Aynı dine inanan, aynı kıbleye yönelen, aynı Kitab’ı
kutsal kabul eden ve aynı Peygamber’e ümmet olan Müslümanların, ırkları,
dilleri, yaşadıkları coğrafyaları, cinsiyetleri ve
sosyal-ekonomik-siyasal-kültürel statüleri ne olursa olsun, onların birbirinden
ayrılmaları asla düşünülemez. Onların, diğer Müslüman kardeşlerini hor, hakir
ve başkası gibi görmeleri, birbirlerine ihanet etmeleri, sahipsiz bırakmaları,
birbirlerinin sorun ve dertlerine kayıtsız kalmaları kesinlikle mümkün
değildir. Çünkü onlar tek bir beden gibidirler. Bu bedenin bir yerinde ortaya
çıkacak hastalık/sorun, bütün bedeni etkileyecek, belki onu büsbütün hasta ve
ölüme mahkûm edecektir. Bu yüzden, namazlarda camide aynı safta omuz omuza
nasıl kenetleniyor ve Rabbimiz’e yöneliyorsak, sosyal hayatta da birbirimizle
aynı safta yer almalı ve öyle kenetlenmeliyiz. Birbirimizi sıkıntıya düşürecek
ve uzaklaştıracak davranışlarda bulunmak yerine, içimizdeki sevgiyi daha çok
yeşertip pekiştirmemizi, gönlümüzü birbirimize daha fazla açmamızı sağlayacak
“İslam kardeşliği” şuuru ve prensiplerini hayata geçirmek zorundayız.
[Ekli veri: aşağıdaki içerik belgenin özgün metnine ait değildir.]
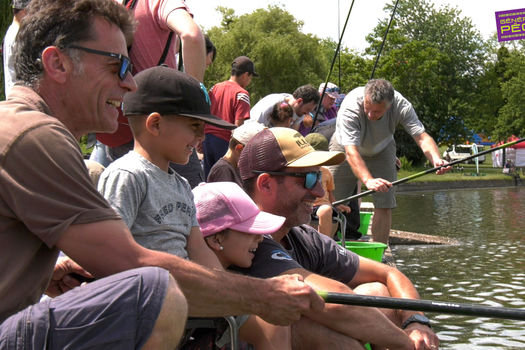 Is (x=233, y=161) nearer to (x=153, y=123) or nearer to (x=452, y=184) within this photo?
(x=153, y=123)

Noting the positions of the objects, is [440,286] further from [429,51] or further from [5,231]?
[429,51]

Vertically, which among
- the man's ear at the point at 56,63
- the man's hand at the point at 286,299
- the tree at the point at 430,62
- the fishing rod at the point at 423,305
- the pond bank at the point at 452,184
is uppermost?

Her şeye kadir olan, gönülleri dilediği gibi çeviren
Rabbimiz Allah’tan niyazımız şudur: Müslümanlar arasında, yaşadıkları
toplumlarda sosyal barışın, her türlü ilerleme ve kalkınmanın da garantisi
durumunda olan “İslam kardeşliği” bağını daha da güçlendirsin. Müslümanları
ensar ve muhacirler gibi kardeş yapsın; bu şuuru ve yaklaşımı onlara bahşetsin.
Bu kardeşliği yıpratacak ve ortadan kaldıracak her türlü kötü/olumsuz tutum ve
davranıştan onları arındırıp uzak tutsun. Her türlü hamdımız O’na olup, kulu ve
peygamberi Hz. Muhammed’e (s) de binlerce salât ve selam ederiz.